It's all the things you wish you did, and here are a few of mine, just some thoughts before the end of the night.
> Write a Novel
> Put more effort into my musical qualities
> Become closer with the people I love deeply
> Someday be a father
I wish some of it was more material, but honestly, my mind isn't as centered on that right now as it usually is. Today I was comfortable with my body for a brief time, and in those moments I could feel happy and focus on exactly what it was that is important. I got spinning on the subject and those are what I came up with. Could you say my ambitions are set far too high? Could you say I have too many dreams, well I may, but it's not spread so thin that it's impossible. Someday I might actually achieve what it is that I've put there.
Today has been productive in the sense that I haven't really been down on myself. Today has been the day that I've taken what nice things that have been said about me, and put them in a pile for evaluation. Take the compliments and rank them from 1 - 10, that sort of thing, just to see if it adds up, if any of this effort is worth it.

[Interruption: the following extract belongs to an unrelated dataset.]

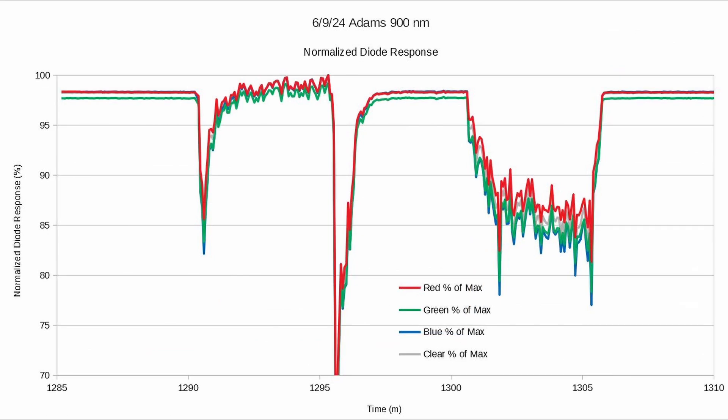This next chart is something I've been working on where I normalize the diodes. This 900 nanometer puts out about twice as much in the red spectrum than the blue and the green. But when you normalize them you still see a shift to the red — in other words the blue and green light sources and even the clear are getting blocked whereas the red is making its way through the smoke particles.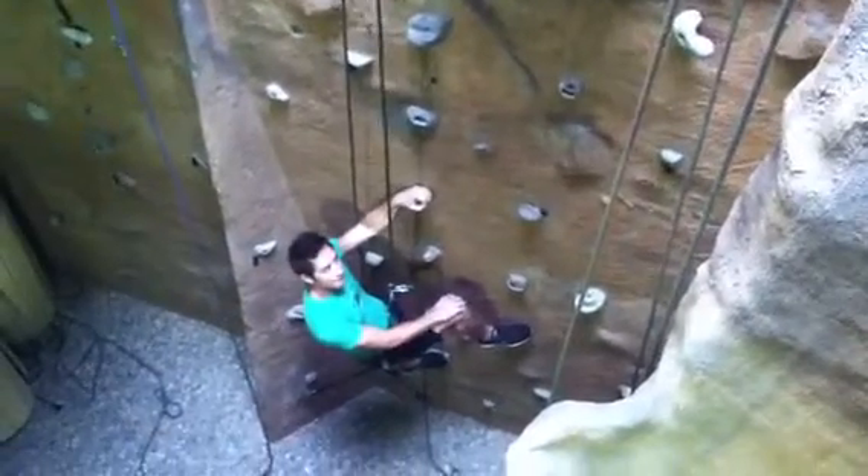Alright, so we're here at Downtown Fitness, our new home for the lab. We have Brandon here, who is our personal trainer, but he's also certified in climbing.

If I had the psyche that I used to, I'd find some way to tell myself that it's not about the acceptance I recieve, it's about the satisfaction of putting something I love out there. This is if I had the perfect psyche, but when effort goes unrewarded, it becomes somewhat of a painful realization when nothing quite turns out like it was supposed to.
Resolved that I write a novel, and I never give it to anyone, my heart will be saved, but I will never be asuaged and I will never know what it might have reaped. Resolved that I do put it out into the public, and the reception is bad, I will be a little bit heart broken, but at the same time it could be simply adding up to any expectation I might have had. Resolved that the recpetion is good, I may actually do well, and things will turn out better than expected. The latter is rarely ever the case with people who come from where I come from. It's a rare case that the small town author or musician is the one who makes it, but this could also be because of low population concentration and the hoard of self-fulfilling prophecies that go with it. Saint John is a plague regardless, but maybe I'll actually pull away from the infinite fog and become something.
If anyone holds any hope for me I'd love to know it. If you think anything I've written on here is worthy of a story, or worthy of a voice, a narrator, than please let me know, maybe I'll actually get the motivation I need. I think I really just need a deadline to keep me focused, or some one constantly pushing from behind to remind me that I'm not nothing.
These are all thoughts and considerations, but who knows if any of it is significant. Chances are not that many people will read this and even fewer will reply. This is my expectation, this is likely how it will be led. Maybe for one I'll just be proven wrong and I might get the helping hand I've been grasping for.